Reproduce the listing below character for character; drop every image.

Supplied data:
◆ ◆ ◆ ◆ ◆ ◆ ◆
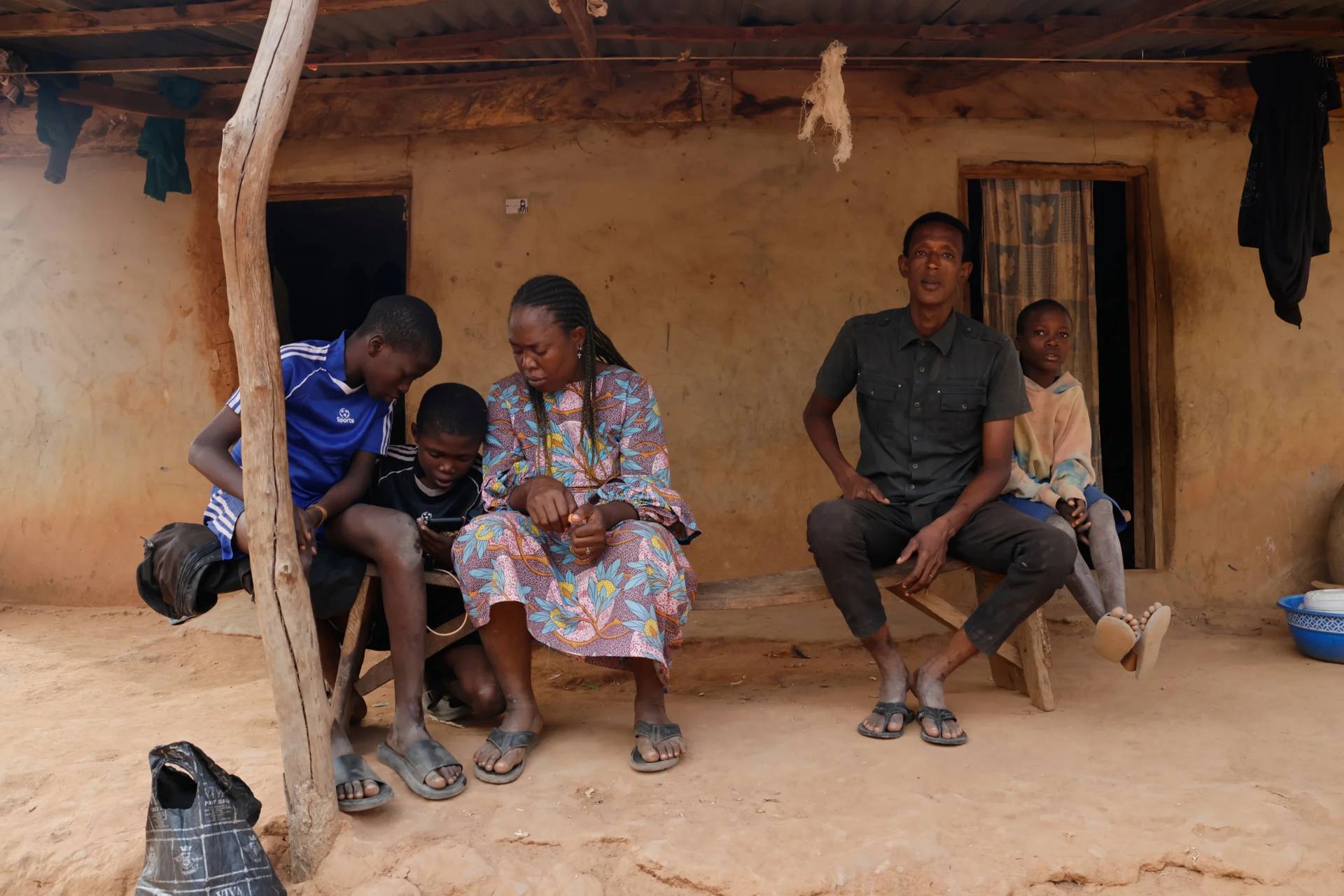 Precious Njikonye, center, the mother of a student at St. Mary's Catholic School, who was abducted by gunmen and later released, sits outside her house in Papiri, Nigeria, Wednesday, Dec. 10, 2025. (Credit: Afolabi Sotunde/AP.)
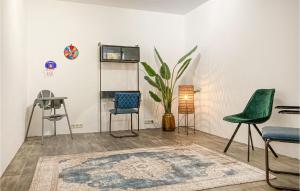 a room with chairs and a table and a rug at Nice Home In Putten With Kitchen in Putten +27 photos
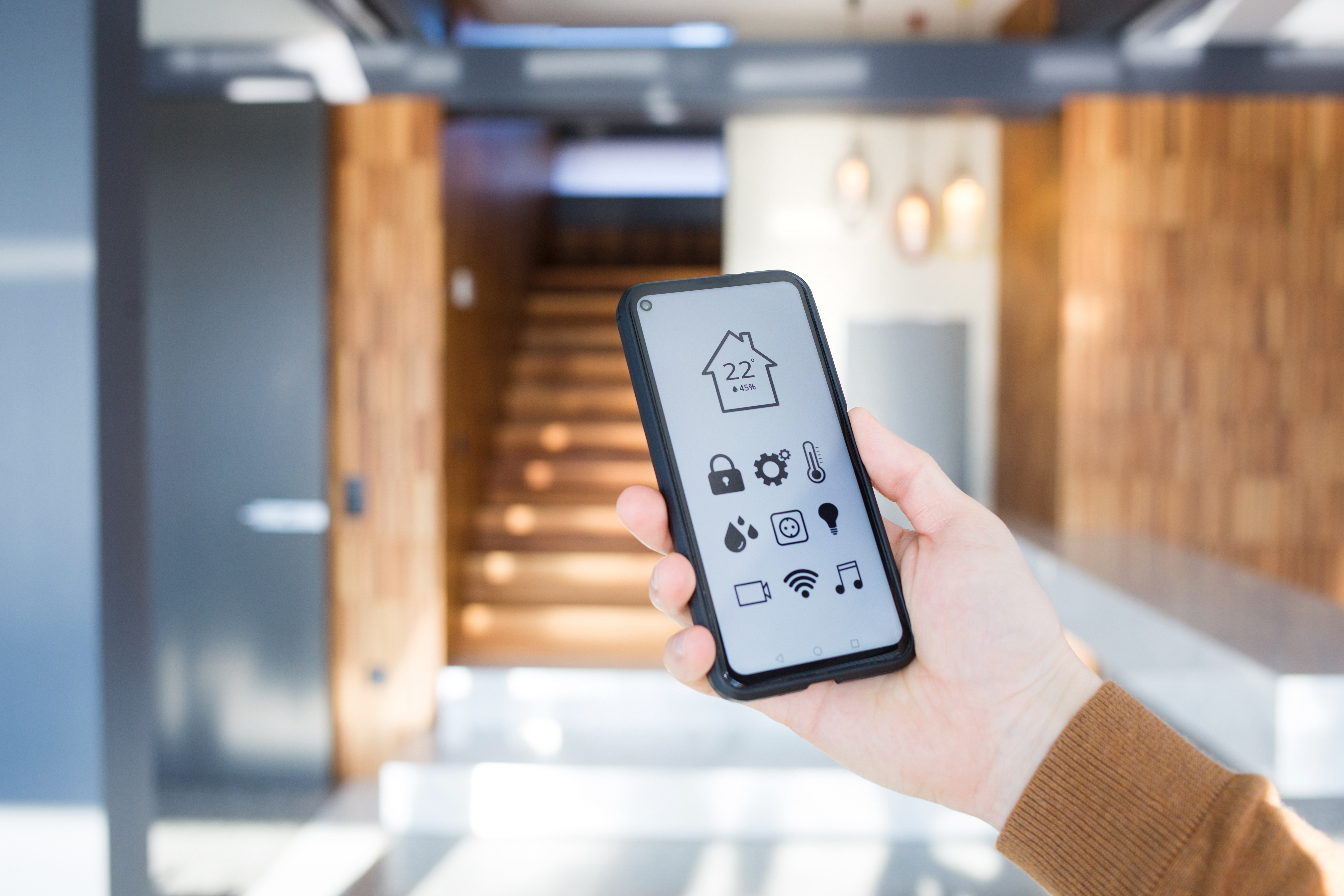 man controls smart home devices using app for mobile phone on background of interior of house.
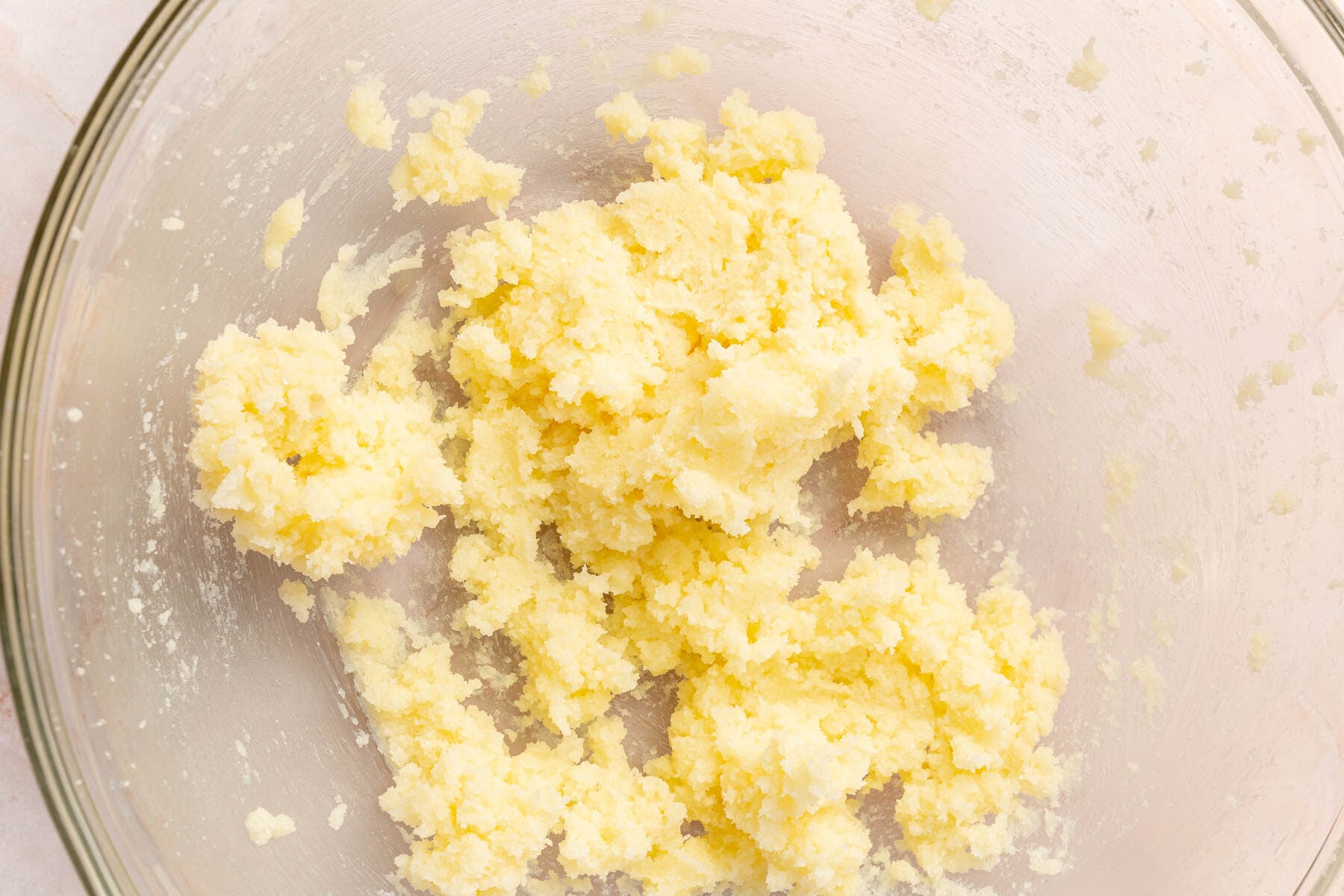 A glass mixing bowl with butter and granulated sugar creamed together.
◆ ◆ ◆ ◆ ◆ ◆ ◆
Problem solution:
 Precious Njikonye, center, the mother of a student at St. Mary's Catholic School, who was abducted by gunmen and later released, sits outside her house in Papiri, Nigeria, Wednesday, Dec. 10, 2025. (Credit: Afolabi Sotunde/AP.)
 a room with chairs and a table and a rug at Nice Home In Putten With Kitchen in Putten +27 photos
 man controls smart home devices using app for mobile phone on background of interior of house.
 A glass mixing bowl with butter and granulated sugar creamed together.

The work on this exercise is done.